1880, paulownia wood, found in Korea after the Japanese Occupation of Korea; original old-fashion key survived. Certified.
This chest has huge historical value. It was made in Japan but taken to Korea during the Japanese Occupation of Korea by a high-ranking Japanese official to store his clothes and documents and then left behind when Japan retreated. It was subsequently recovered by an esteemed American missionary doctor who went to Korea to treat the sick and the dying. He kept it and passed it later on to a Korean Professor of Korean History and Antiquity, one of only thirteen certifiers approved by the Korean government in the 1900s.

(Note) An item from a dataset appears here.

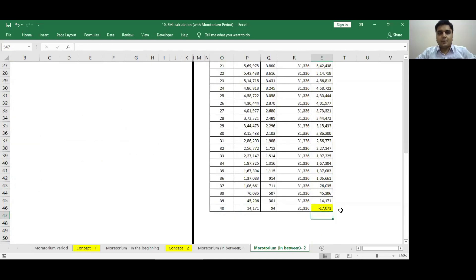So these are the few examples in which you can use financial functions to calculate EMI in case of a moratorium period. That's it from my side. Thank you.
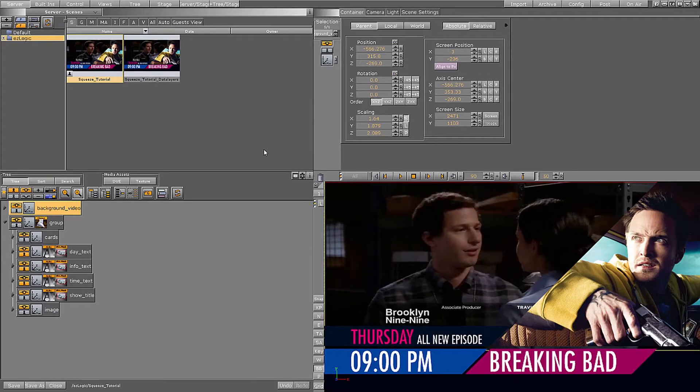Hi, and welcome to the first tutorial of the EasyLogic plugin. In this tutorial we will show you how to take a scene with basic animation and convert it into a transition logic scene using EasyLogic.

This chest has two long drawers in the upper part and two shorter ones below attached by a small storage compartment with two drawers inside, and a small drawer below it. All the drawers on this chest can be locked and all the iron fittings are original. An original old-fashioned key is recovered and can work on the drawers and lock-plate of the small storage compartment. This original key adds value to the piece as most furniture lost the key during the war. The sides have functional carrying handles through which a pole can be place in case the chest needs to be quickly moved in the event of fires and earthquake that frequently visit the Japanese islands.
The piece shows scratch marks in front and has some cracks in the back that are restored in Korea. These imperfections indicate the authenticity of this piece as an antique. It is certified by a Korean antique certifier.